Re: Kooka Development - Anon - 2008-02-24
vote for the wish to add tesseract ocr to kooka. https://bugs.kde.org/show_bug.cgi?id=135253
Re: Kooka Development - Kevin Kofler - 2008-02-25
Don't spit on gocr, there are testcases where it performs a lot better than Tesseract. But yes, support for Tesseract would be nice to have.
Re: Kooka Development - Mate - 2008-02-25
Maybe, but I have a lot of problems with it... but I know it is a *very* difficult task. Also, there is a lot of money to be earned if you know this kind of stuff (OCR is very hot for multiple reasons), so asking it to be done free will not yield the best results. I like gocr, but I would love to have it improved! :)
Okular - Anon - 2008-02-23
I visited the irc://irc.kde.org/#okular and asked if there was the same 4 sheets to 1 physical print out limitation as in kpdf. I was corrected that it is a kdeprint limitation which is apparently dead for kde4. instead there's a new limitation and okular can only print 1 page per sheet of paper, oh boy... can someone please fix this?! (I would if i could)
Re: Okular - Brad Hards - 2008-02-24
Wishlist items on the the dot and IRC are likely to be missed or forgotten or misunderstood (sorry, I don't understand your issue, but you are just Anon...). Please, please, file wishlist bug reports if you want changes. Then we can don't forget, don't miss it, and can ask you questions if we aren't sure what you want.
Re: Okular - Anon - 2008-02-24
for example. you have a 12 page pdf document. I want the entire document printed on 2 pages of paper. Okular would have to support printing 6 pages (of the pdf) onto 1 page of paper. fyi https://bugs.kde.org/show_bug.cgi?id=158314 :) thanks for reminding me though!
Re: Okular - Ian Monroe - 2008-02-24
kdeprint isn't dead, it was replaced with QPrinter for KDE 4.0 and they are working on fixing the feature regressions for 4.1. And maybe add some more features. ;)
Re: Okular - Odysseus - 2008-02-25
Yes, this is an issue with the print system and not Okular.
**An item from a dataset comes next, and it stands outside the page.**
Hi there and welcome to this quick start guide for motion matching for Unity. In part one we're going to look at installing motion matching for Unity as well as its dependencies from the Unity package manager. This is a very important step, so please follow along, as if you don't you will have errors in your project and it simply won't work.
Under KDE3 we had KDEPrint which supported n-up printing using postscript pre-filtering. With the switch to fully Qt based printing this was a feature we lost as it is not currently supported by Qt 4.3. For 4.1 I plan to re-introduce this on *nix platforms by using Cups based n-up, if Qt doesn't end up supporting it directly in Qt4.4. Sorry lpr users, but it really is time to join the 21st century :-) Under Mac and Windows, the native print driver and dialog are used so it depends on if the manufacturer supports it. I'll try post on the planet tonight about the printing changes in Qt 4.4.
Re: Okular - Anon - 2008-02-25
Great - thanks for all your efforts (from a user with no printers whatsoever ;)) and for keeping us up to date!
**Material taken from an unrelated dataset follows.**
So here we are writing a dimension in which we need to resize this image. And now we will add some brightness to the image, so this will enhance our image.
Re: Okular - Moobuntu - 2008-02-26
Thank you so much for your hard work! It is already a massive improvement over qt 4.3. Just a minor thing, will there be pictures in the dialog later on? Sorry if it seems a little trivial, but I loved the fact that the KDE3 dialog had pretty pictures for collated pages and icons on all the buttons :) P.S. I tried to post the above in your blog, but the captcha doesn't work at all.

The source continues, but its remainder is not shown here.